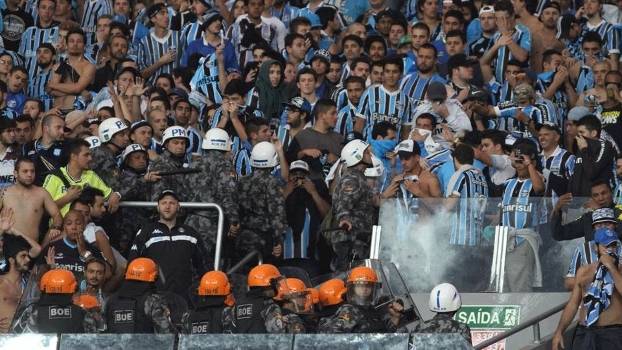 Gre-Nal termina com guerra de cadeiras e bomba no Beira-Rio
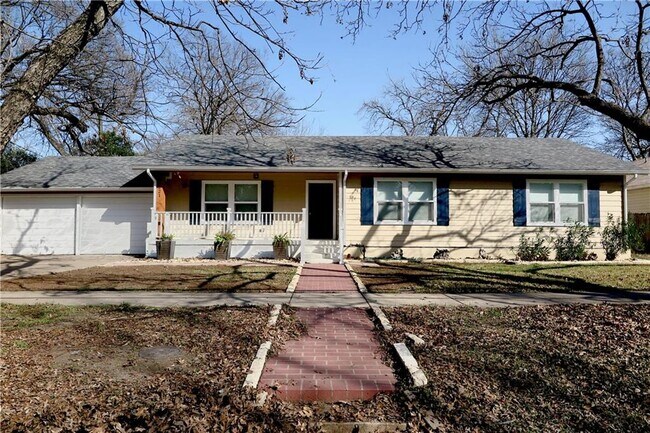 property at 1221 S Austin Ave
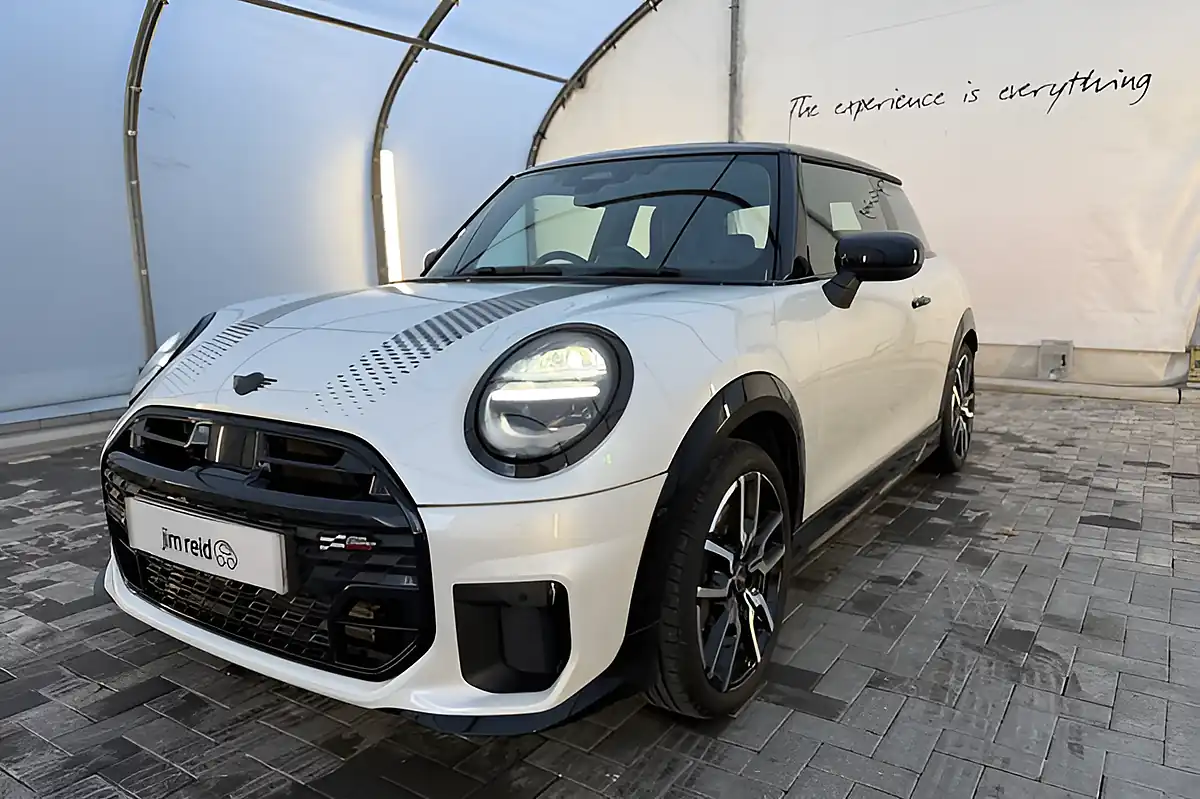 Used 2025 MINI Hatch C Sport White - Interior and Exterior details 7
_ _ _ _
EXERCISE REQUIREMENTS –
For your answer, write out the data exactly and drop every picture.

ANSWER FOR THE TASK –
 Gre-Nal termina com guerra de cadeiras e bomba no Beira-Rio
 property at 1221 S Austin Ave
 Used 2025 MINI Hatch C Sport White - Interior and Exterior details 7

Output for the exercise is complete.